Bu yüzden olacak, çok doğru ve yerinde düşüncelerle bu okulların programına dahil edilen Sanat Tarihi ve Müzik dersleri (buna Resim’i de eklemek lâzım) mesuliyetsiz, (b)ilgisiz ve bomboş geçen saatlerdi.

Maalesef böyleydi… (Korkarım bugün de böyledir).

İçimde kabaran hat ve musiki hissiyatının menşei için insiyakî diyemiyeceğim çünkü resim dahil hiçbirinde kabiliyet sahibi olduğumu zannetmiyorum.
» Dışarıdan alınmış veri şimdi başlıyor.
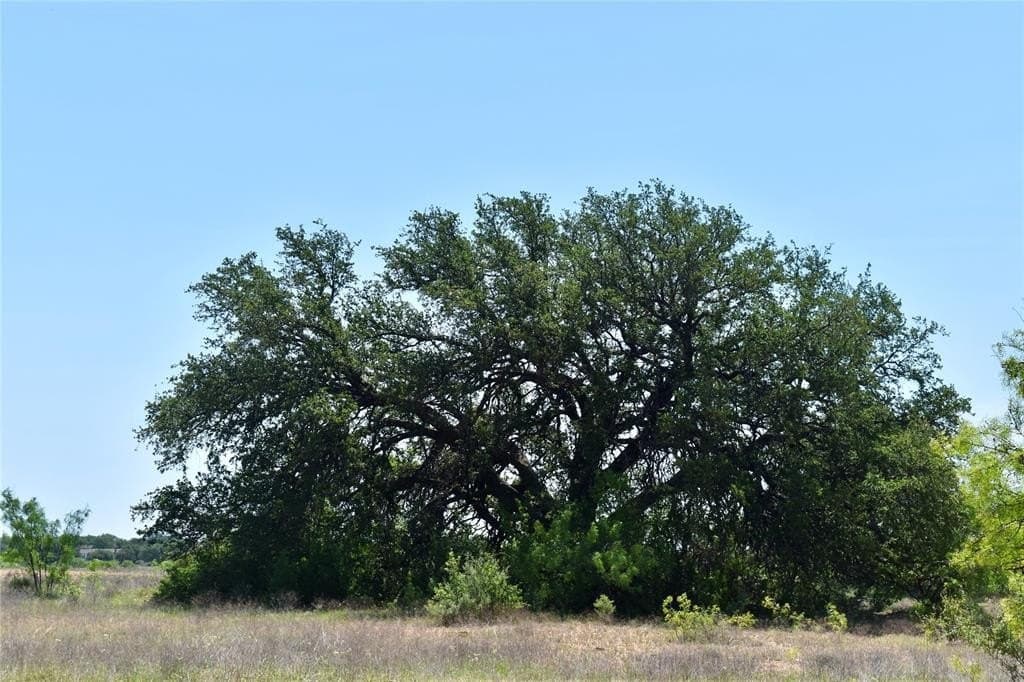 539.39 acres in McCulloch County featured view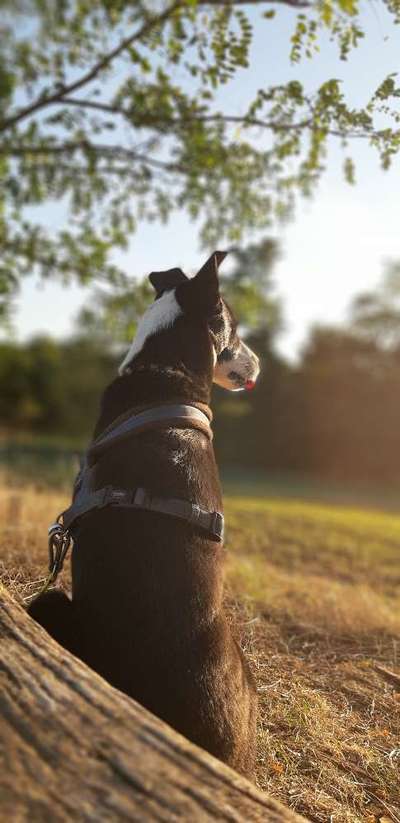 Fotochallenge No. 26                                     Wald und Wiese-Beitrag-Bild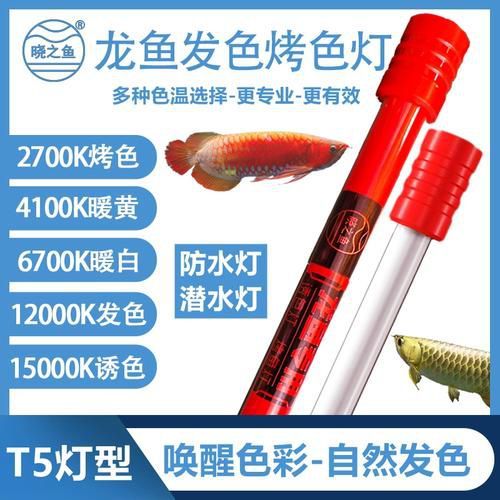 有哪些品牌的龍魚發(fā)色燈推薦？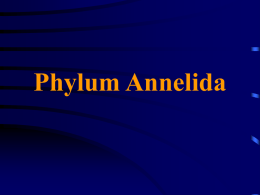 Phylum Annelida - University of Evansville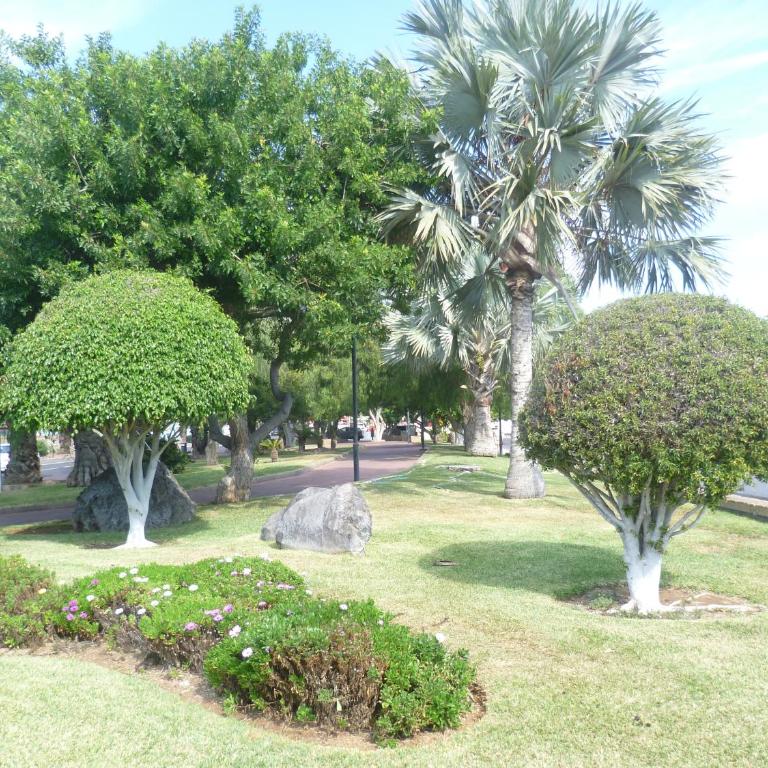Elana Apartment with FREE WIFI - Apartamento Estudio - 10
Bugünden geriye doğru bakınca hissiyatıma iki kaynak bulabiliyorum ancak. Biri okulumuzun bulunduğu Fatih semti ve elbette haftada birkaç kere eşiğinden, eşiklerinden içeri adım atarak bilgi seviyesine çıkmayan duygularla ve ürpertiye benzer hayranlık ve gururla temaşa ettiğimiz Fatih Camisi. Orada, tabiri caizse açık müzede kimi mermere işlenmiş, kimi çiniler bahçesine gömülmüş yahut kubbe semasına yazılmış, kimi sütunlara yahut duvarlara iliştirilmiş hatlar, istifler, levhalar görür; yüksek, derin ve etkileyici sesler duyar; kendini toprak seviyesine indirmeğe çalışan büyük insanlara, tevazu hırkası kuşanmış yaşlı hocalara tesadüf ederdik.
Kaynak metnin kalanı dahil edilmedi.